• [Problem details]
All lines in the records that carry the string "Black" are to be shown.

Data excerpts

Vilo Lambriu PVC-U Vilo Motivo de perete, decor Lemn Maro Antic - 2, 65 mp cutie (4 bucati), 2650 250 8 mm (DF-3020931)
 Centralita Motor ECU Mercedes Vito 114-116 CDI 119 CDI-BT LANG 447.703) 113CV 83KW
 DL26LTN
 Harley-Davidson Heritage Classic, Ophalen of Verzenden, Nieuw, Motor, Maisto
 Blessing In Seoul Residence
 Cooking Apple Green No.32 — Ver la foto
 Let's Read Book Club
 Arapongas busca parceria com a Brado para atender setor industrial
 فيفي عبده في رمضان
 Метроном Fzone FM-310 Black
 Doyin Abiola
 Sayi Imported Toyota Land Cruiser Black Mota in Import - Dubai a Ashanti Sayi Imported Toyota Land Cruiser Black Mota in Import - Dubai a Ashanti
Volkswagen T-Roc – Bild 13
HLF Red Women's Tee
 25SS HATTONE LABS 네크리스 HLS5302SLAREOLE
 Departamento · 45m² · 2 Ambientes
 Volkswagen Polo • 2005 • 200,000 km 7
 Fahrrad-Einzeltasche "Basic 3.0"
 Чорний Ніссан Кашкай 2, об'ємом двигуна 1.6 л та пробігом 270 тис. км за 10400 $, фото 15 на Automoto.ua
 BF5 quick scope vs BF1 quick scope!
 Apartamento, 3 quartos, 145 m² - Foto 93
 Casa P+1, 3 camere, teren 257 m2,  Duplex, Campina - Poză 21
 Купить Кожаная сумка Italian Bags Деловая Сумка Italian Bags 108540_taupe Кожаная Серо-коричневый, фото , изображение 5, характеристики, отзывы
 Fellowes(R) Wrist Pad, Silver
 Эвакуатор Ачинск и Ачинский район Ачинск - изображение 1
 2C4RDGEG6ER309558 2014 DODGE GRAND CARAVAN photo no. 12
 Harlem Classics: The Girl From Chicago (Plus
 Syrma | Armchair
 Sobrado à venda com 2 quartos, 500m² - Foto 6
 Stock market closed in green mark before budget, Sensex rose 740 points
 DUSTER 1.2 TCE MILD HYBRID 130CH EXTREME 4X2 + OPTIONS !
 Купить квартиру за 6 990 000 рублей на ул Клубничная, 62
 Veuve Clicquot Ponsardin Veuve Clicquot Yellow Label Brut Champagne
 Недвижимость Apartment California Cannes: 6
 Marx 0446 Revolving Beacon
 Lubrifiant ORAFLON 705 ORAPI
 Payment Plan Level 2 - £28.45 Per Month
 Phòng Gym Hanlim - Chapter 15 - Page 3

• [Written reply]
 Метроном Fzone FM-310 Black
 Sayi Imported Toyota Land Cruiser Black Mota in Import - Dubai a Ashanti Sayi Imported Toyota Land Cruiser Black Mota in Import - Dubai a Ashanti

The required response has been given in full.